Whitney is an unincorporated area and census-designated place (CDP) adjacent to the city of Spartanburg in Spartanburg County, South Carolina, United States. It was first listed as a CDP prior to the 2020 census with a population of 4,409.

==Geography==
The CDP is in central Spartanburg County and is bordered to the southwest by the city of Spartanburg. It is bordered to the west by South Carolina Highway 9, to the northwest by Interstate 85 Business, and the southeast by the Blue Ridge Subdivision railroad line of CSX Transportation. Besides Spartanburg, neighboring communities are Drayton to the southeast, Hilltop to the west, and Valley Falls to the northwest.

U.S. Route 221 (Chesnee Highway) is the main road through Whitney. It leads southwest into Spartanburg and north 32 mi to Rutherfordton, North Carolina. Lawsons Fork Creek runs through Whitney, flowing southeast toward the Pacolet River, a tributary of the Broad River.

==Demographics==

Whitney first appeared as a census designated place in the 2020 U.S. census.

Historical population
| Census | Pop. | Note | %± |
| 2020 | 4,409 |  | — |
U.S. Decennial Census 2020

===Racial and ethnic composition===

Whitney CDP, South Carolina – Racial and ethnic composition Note: the US Census treats Hispanic/Latino as an ethnic category. This table excludes Latinos from the racial categories and assigns them to a separate category.
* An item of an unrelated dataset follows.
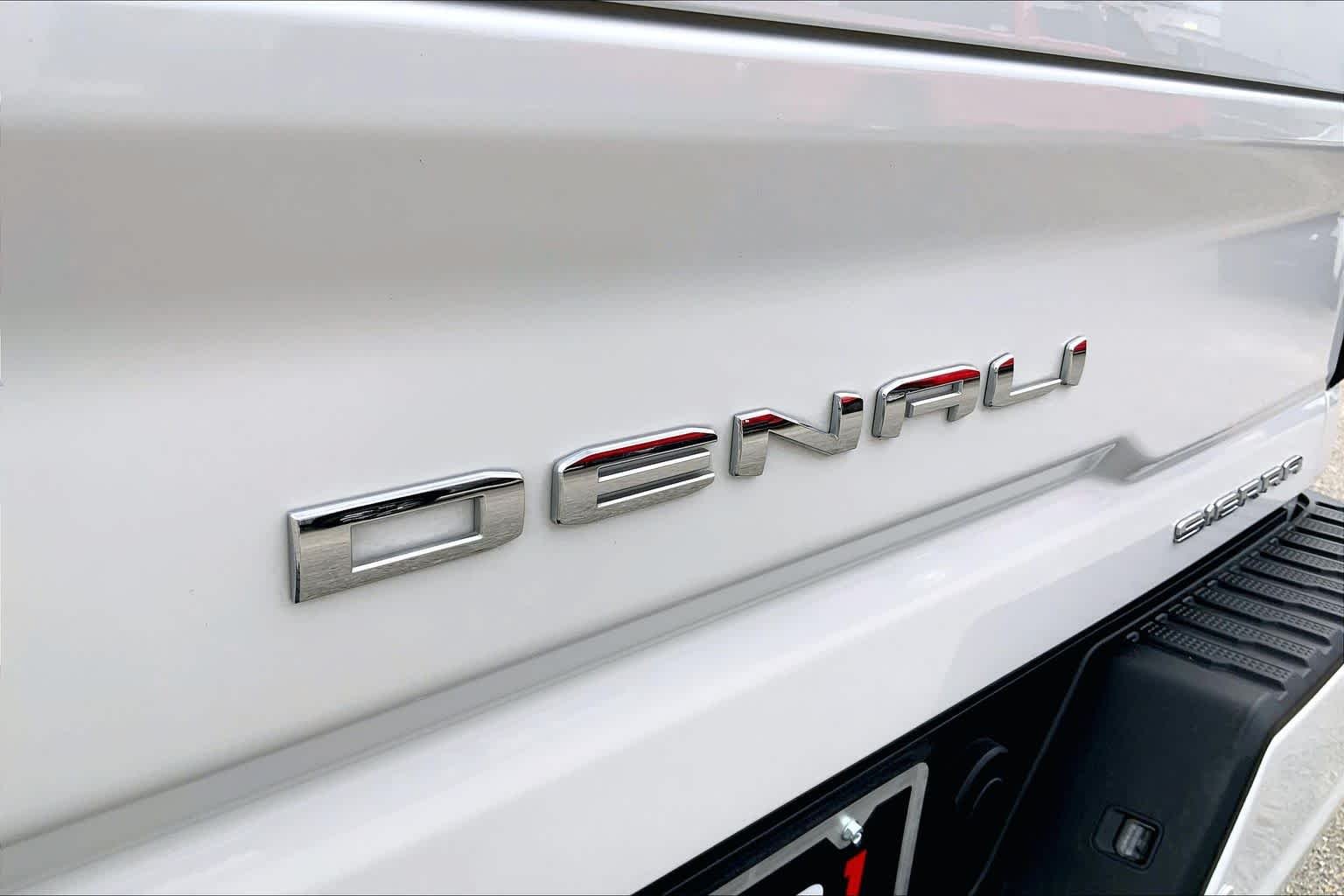 Used 2024 White Frost Tricoat GMC Denali Ultimate image 10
Hispanics/Latinos may be of any race.
| Race / Ethnicity (NH = Non-Hispanic) | Pop 2020 | 2020 |
|---|---|---|
| White alone (NH) | 2,037 | 46.20% |
| Black or African American alone (NH) | 1,392 | 31.57% |
| Native American or Alaska Native alone (NH) | 9 | 0.20% |
| Asian alone (NH) | 124 | 2.81% |
| Native Hawaiian or Pacific Islander alone (NH) | 1 | 0.02% |
| Other race alone (NH) | 17 | 0.39% |
| Mixed race or Multiracial (NH) | 147 | 3.33% |
| Hispanic or Latino (any race) | 682 | 15.47% |
| Total | 4,409 | 100.00% |

===2020 census===
As of the 2020 census, Whitney had a population of 4,409. The median age was 36.4 years. 23.7% of residents were under the age of 18 and 14.7% of residents were 65 years of age or older. For every 100 females there were 90.1 males, and for every 100 females age 18 and over there were 86.4 males age 18 and over.
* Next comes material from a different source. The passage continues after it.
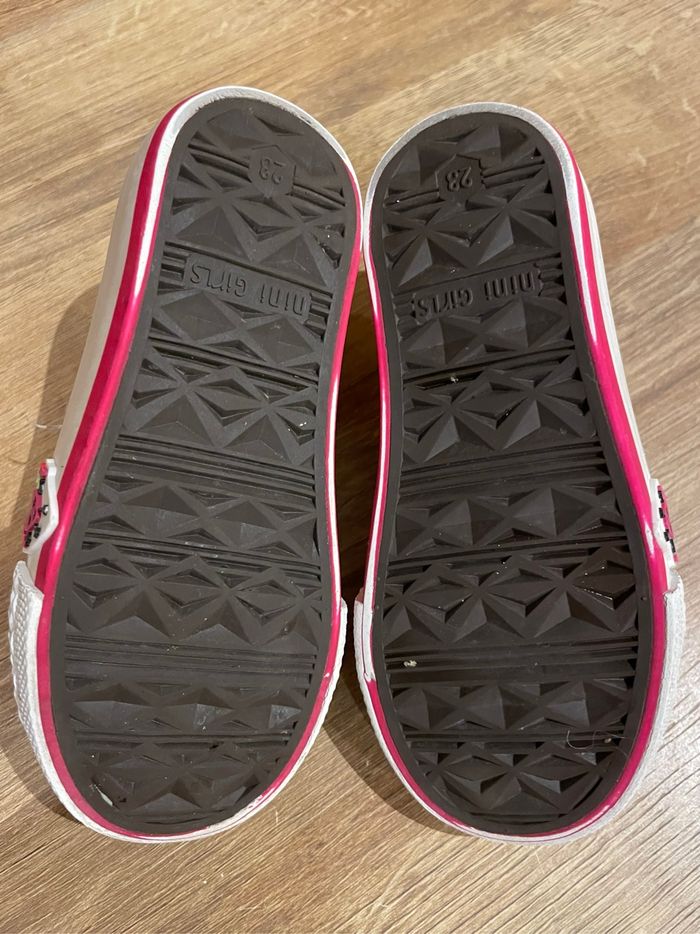 Baskets taille 23 - photo numéro 6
100.0% of residents lived in urban areas, while 0.0% lived in rural areas.

There were 1,726 households in Whitney, of which 31.1% had children under the age of 18 living in them. Of all households, 32.2% were married-couple households, 21.9% were households with a male householder and no spouse or partner present, and 37.1% were households with a female householder and no spouse or partner present. About 29.7% of all households were made up of individuals and 10.5% had someone living alone who was 65 years of age or older.

There were 1,904 housing units, of which 9.3% were vacant. The homeowner vacancy rate was 1.9% and the rental vacancy rate was 6.3%.